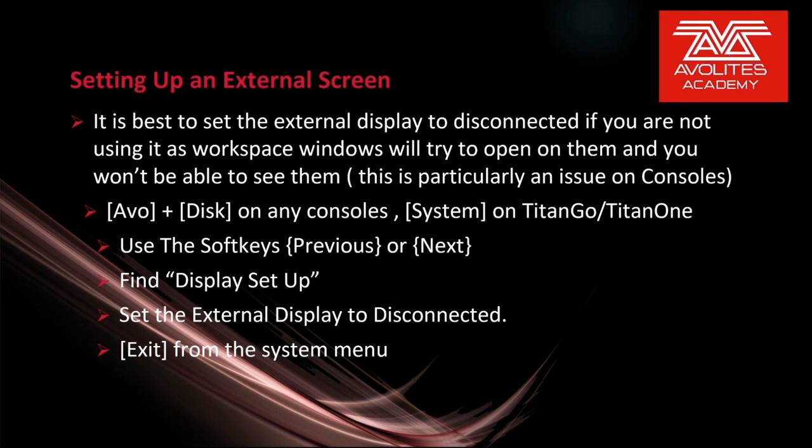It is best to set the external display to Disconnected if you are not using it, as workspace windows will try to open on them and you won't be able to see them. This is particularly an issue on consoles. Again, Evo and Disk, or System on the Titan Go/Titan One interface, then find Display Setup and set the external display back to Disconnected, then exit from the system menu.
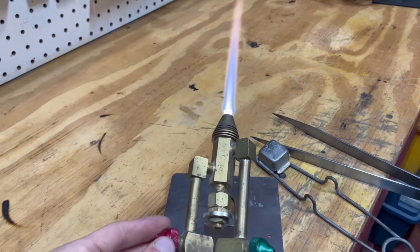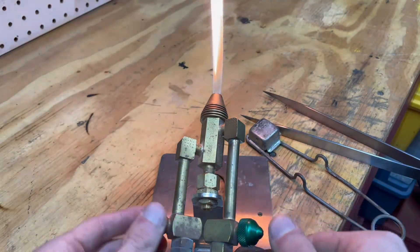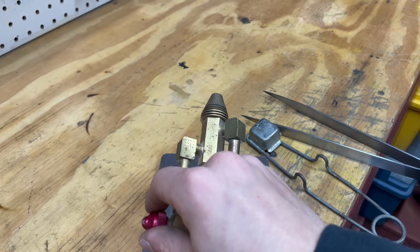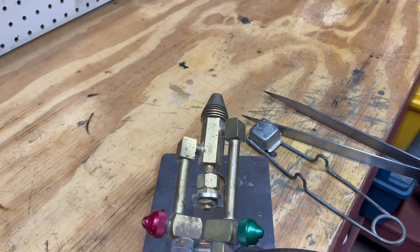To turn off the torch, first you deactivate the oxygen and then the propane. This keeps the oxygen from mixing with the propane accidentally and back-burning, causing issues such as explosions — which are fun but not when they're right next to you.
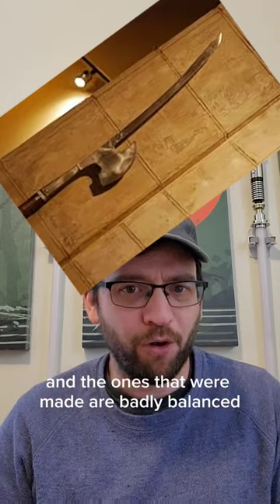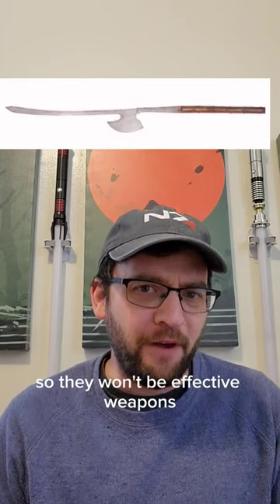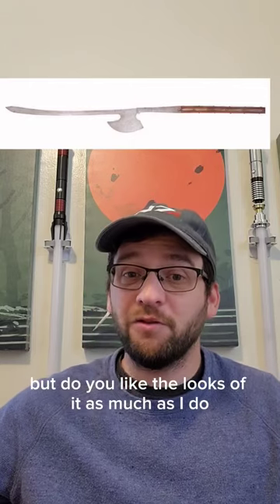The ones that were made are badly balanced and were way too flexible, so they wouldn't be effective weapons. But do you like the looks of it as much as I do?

Requirement
Copy each line above precisely, dropping the pictures.

Finished task
It is best to set the external display to Disconnected if you are not using it, as workspace windows will try to open on them and you won't be able to see them. This is particularly an issue on consoles. Again, Evo and Disk, or System on the Titan Go/Titan One interface, then find Display Setup and set the external display back to Disconnected, then exit from the system menu.
To turn off the torch, first you deactivate the oxygen and then the propane. This keeps the oxygen from mixing with the propane accidentally and back-burning, causing issues such as explosions — which are fun but not when they're right next to you.
The ones that were made are badly balanced and were way too flexible, so they wouldn't be effective weapons. But do you like the looks of it as much as I do?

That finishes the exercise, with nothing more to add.